We ensemble the top-ten model checkpoints sorted by mean AUC over the five CheXpert pathologies on the validation dataset. The probability outputs of the ensemble are computed by taking the average of the probability outputs of each model. The probabilities are averaged after softmax evaluation. These probabilities are then used for model evaluation through AUC and for prediction tasks using condition thresholds generated from the validation dataset.

Knowledge-distillation procedure

To allow for the use of the CLIP pre-trained model on full radiology reports to evaluate zero-shot performance on auxiliary tasks such as sex prediction, we use a knowledge-distillation procedure. This procedure is required as the pre-trained text encoder from the CLIP model has a context length of only 77 tokens, which is not long enough for an entire radiology report. We use the pre-trained model to train a model with a context length of 512, long enough to encompass 98% of radiology reports. In this method, the text encoder of the best-performing model trained only on impressions is used as a teacher for the text encoder of a student model. To train the student, we compute the mean squared error between the logits of the two encoders, then backpropagate across the student architecture. Once the student text encoder is trained, we replace the uninitialized image encoder in the student model with the image encoder of the teacher model. Then, the student model is contrastively trained on the MIMIC-CXR chest X-ray and full-text report pairs.

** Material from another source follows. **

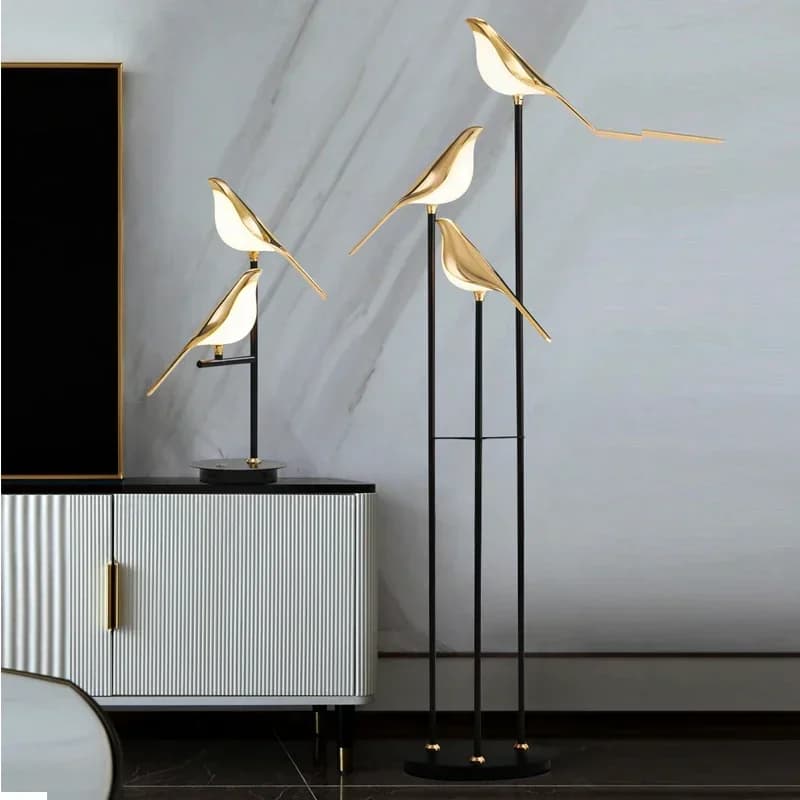 Lampade da terra a LED di design Scandinavia con illuminazione per uccelli Lampada da tavolo per soggiorno camera da letto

Prompt-engineering methods

We run experiments using the labels present in the test set as the prompts and creating the prompts of ‘<label>’ and ‘no <label>’ as the positive and negative prompts for the softmax evaluation procedure.

Statistical analysis

AUROC

We collect AUROC results from both the CheXpert test dataset (500 samples) as well as PadChest dataset (39,053 samples) using the self-supervised model’s predictions. The AUROC and MCC results of the five clinically relevant pathologies on the CheXpert test dataset are presented in Table 1. Table 2 consists of the mean AUROC of these five pathologies on the CheXpert test dataset along with self-supervised and supervised comparisons. The DAM supervised method is included as a comparison and currently is state-of-the-art on the CheXpert dataset. An additional supervised baseline, DenseNet121, trained on the CheXpert dataset is included as a comparison since DenseNet121 is commonly used in self-supervised approaches. Current top-performing label-efficient approaches, ConVIRT, MedAug and MoCo-CXR, are included as self-supervised comparisons.

MCC and F1 score

To obtain the MCC, we first run inference on the CheXpert test set using our softmax evaluation technique to obtain probability values for the 14 different conditions on each of the 500 chest X-ray images. The probabilities are then transformed into positive/negative predictions using the probability thresholds computed by optimizing MCC over the validation dataset. Then, the condition-based MCC scores are calculated using these predictions. We similarly compute the F1 score, but using the same thresholds as used for computing the MCC.

Confidence intervals

We use the non-parametric bootstrap to generate confidence intervals: random samples of size n (equal to the size of the original dataset) are repeatedly sampled 1,000 times from the original dataset with replacement. We then estimate the AUROC, F1 and MCC metrics (or their difference for two the methods) using each bootstrap sample. We derive confidence intervals from the relative frequency distribution of the estimates over the re-samples, using the interval between the 100 × (α/2) and 100 × (1 − α/2) percentiles; we pick α = 0.05.

Reporting summary

Further information on research design is available in the Nature Research Reporting Summary linked to this article.